Uma das exceções para a penhora de bem de família sempre foi a fiança locatícia. O artigo 1° da Lei n° 8.009/91 estabelece que o imóvel residencial próprio do casal, ou da entidade familiar, é impenhorável e não responderá por qualquer tipo de dívida civil, comercial, fiscal, previdenciária ou de outra natureza, contraída pelos cônjuges ou pelos pais ou filhos que sejam seus proprietários e nele residam, salvo nas hipóteses previstas nesta lei.
E a mesma lei, em seu artigo 3°, elenca as exceções para a impenhorabilidade, dentre elas, por obrigação decorrente de fiança concedida em contrato de locação.
E assim tem sido desde então, com os locadores aceitando fiadores que apresentem, como garantia, imóveis residenciais, dada a exceção da lei. E o STF, em precedentes anteriores, votou pela constitucionalidade dos dispositivos da Lei n° 8.009/91.
Contudo, em recente decisão (RE 605.709-SP), o STF admitiu o Recurso Extraordinário, sob o argumento de que os precedentes tratavam-se de fiança em locação residencial, e o caso em exame era de locação comercial. E no julgamento, por maioria, firmou-se o entendimento de que o direito de moradia, expresso no artigo 6° da Constituição Federal, se sobrepunha à impenhorabilidade. Assim, ao menos na locação comercial, há um precedente quanto à impenhorabilidade do imóvel residencial do fiador.

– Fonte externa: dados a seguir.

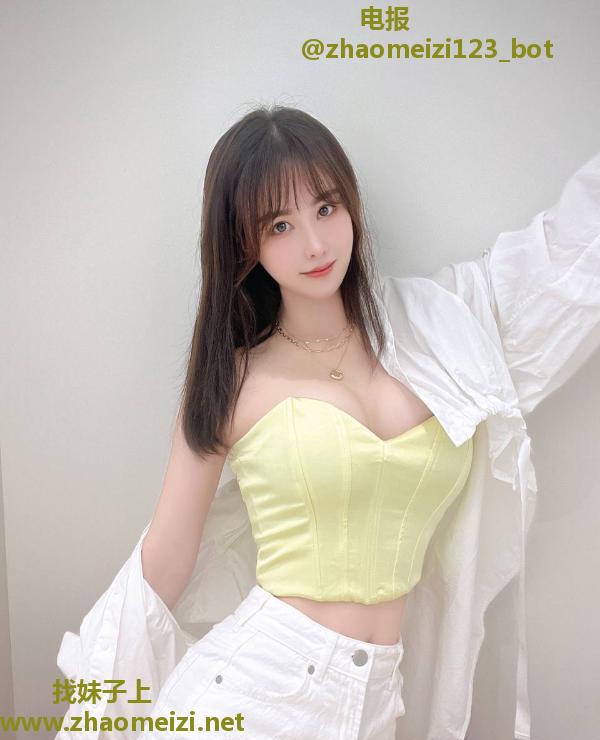 人美胸大颜值妹子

Considerando que o direito de moradia é o mesmo, independentemente do tipo de locação em que o imóvel tenha sido dado em garantia, é possível que tal entendimento seja estendido também às locações residenciais.
O fato é que os locadores, a partir de agora, ficam inseguros quanto à aceitação de garantias, e passarão a exigir – pelo menos, é o que se recomenda após tal decisão – como garantia de fiança apenas imóveis comerciais, ou um fiador que possua no mínimo dois imóveis.
Claro que a vida dos locatários fica ainda mais complicada: se já não era fácil encontrar um fiador, agora a dificuldade aumenta.
O excesso de garantias, que a princípio parece benéfico para a sociedade, não raro atenta contra o próprio beneficiário. A dificuldade de se cobrar uma dívida acarreta, naturalmente, o aumento do preço da dívida (juros), a redução da oferta de crédito, e o que é mais comum, a conjugação das duas alternativas anteriores.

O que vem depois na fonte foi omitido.